External graphics card experiment: Part 1
I always wanted to have a small light portable computer on the go and when I get home to use a docking station and get the full desktop experience. Following other people examples on the internet I have made this cheap solution with and external graphics card in the docking station (eGPU) that can be used with an external monitor or accelerate the internal screen of the laptop.
- Laptop with thunderbolt port (Lenovo T430s)
- Graphics card (GIGABYTE Nvidia GTX 760) ~ 275 USD
- PCI-E 1x to ExpressCard adapter PE4L-EC060) ~ 70 USD + 22 USD postal fees
- Sonnet Echo Express Thunderbolt Adapter Pro ~ 120 USD
- Thunderbolt cable ~ 55 USD
- ATX power supply ~ 73 USD
- Case ~ 75 USD
That is 415 USD for the setup without the laptop and graphics card and 690 USD with the graphics card included. Notice all prices are in USD but I live in Denmark so prices are higher than the states.

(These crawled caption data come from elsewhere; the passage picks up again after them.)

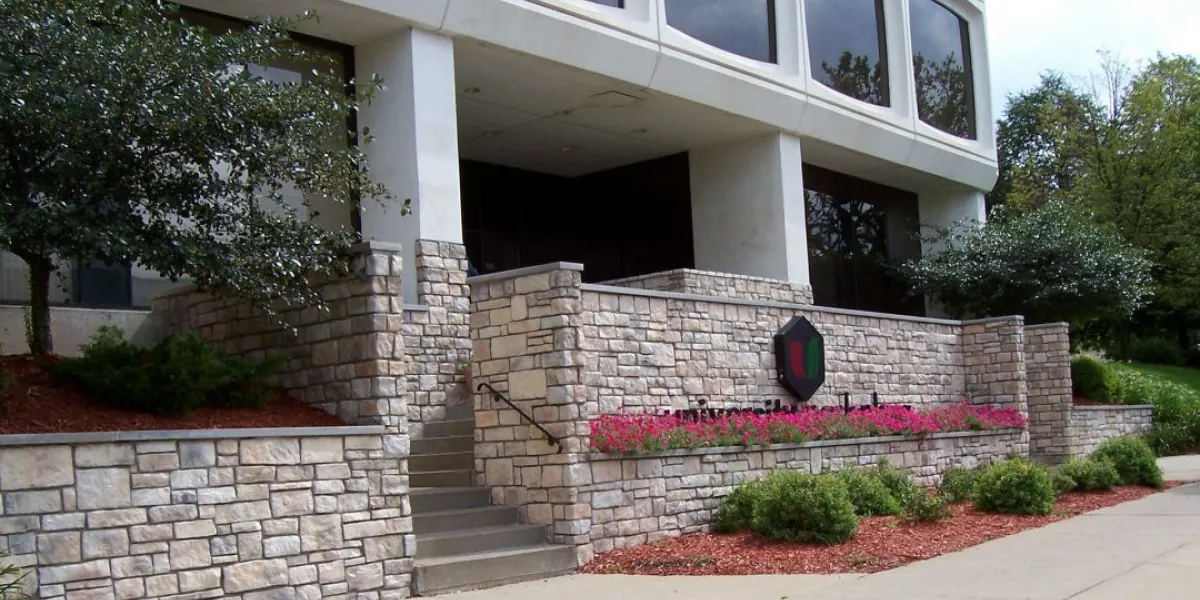 Stone building entrance with stairs, trees, pink flowers, and a black shield logo on the wall.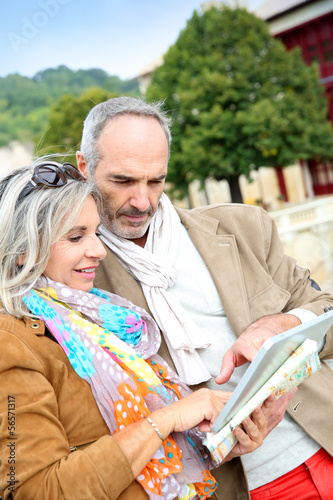 Photo: Senior couple of tourists on a trip Senior couple of tourists on a trip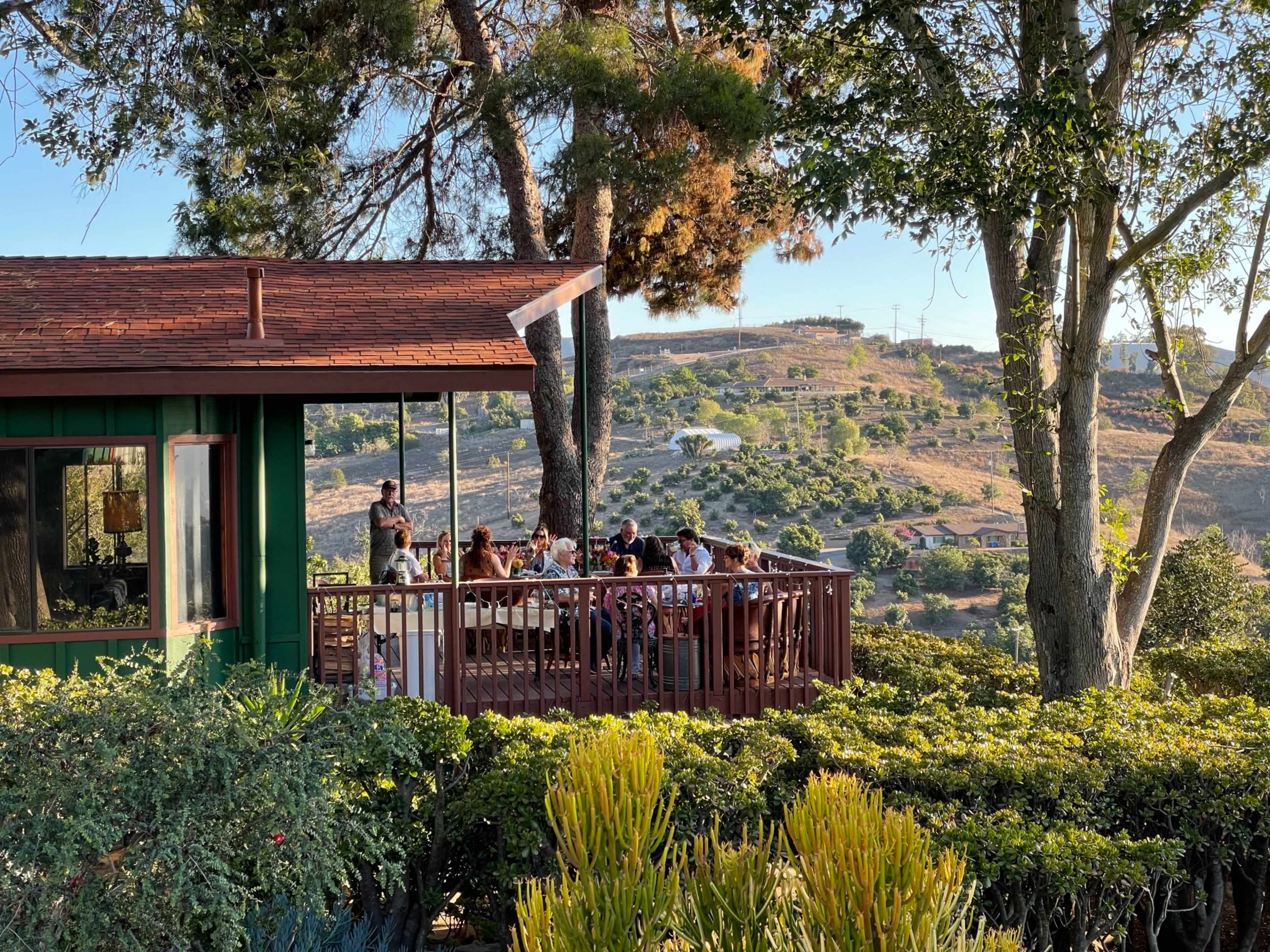 A group of people is gathered around a long table on a patio of a wooden building, surrounded by greenery and rolling hills.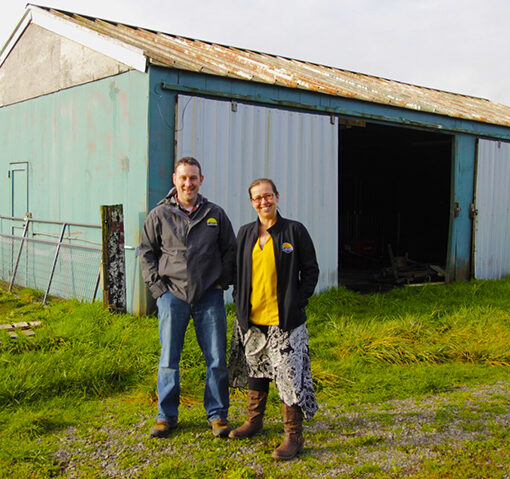 Agriculture education teacher Justin Brill and Assistant Principal Toni Wallisa are shown outside the “old barn” at Cascade High School. The school district has received a $190,000 grant that will allow it to replace the aging structure. Submitted Photo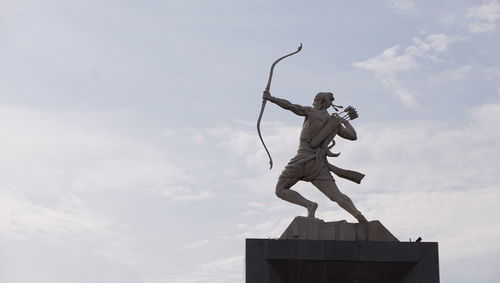 Low angle view of statue against sky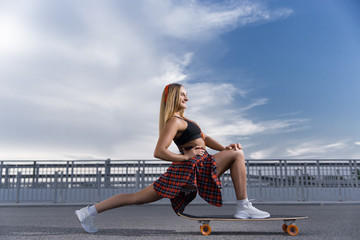 Fototapeta premium Young stylish woman performs stretching and rides a skateboard while listening to music.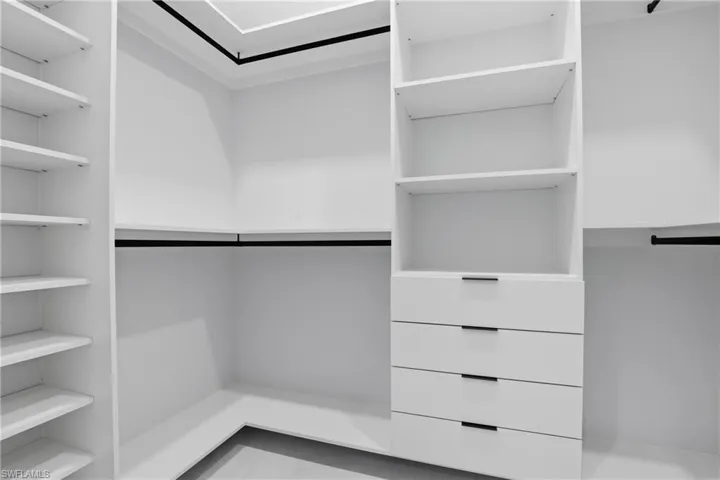 Custom closet system featuring white shelving, multiple hanging rods, and integrated drawers with dark hardware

My laptop is connected via thunderbolt to the Sonnet Echo Thunderbolt to ExpressCard adapter which is connected to the PCI-E 1x ExpressCard adapter. I connect the graphics card to this PCI-E 1x port, the power supply unit and case.
The setup is configured to start when the laptop start or wakes from sleep and turns off when the computer turns off. I have installed windows 7 64 bit. I have not used any bootloaders, memory reallocation or third-party tools like described here. Maybe it is because I don’t use MacBook in combination with bootcamp. My laptop does not contain a discrete graphics card which might have helped me avoid PCI memory allocation problems. When I plugin the cable it detects my graphic card and I install the drivers.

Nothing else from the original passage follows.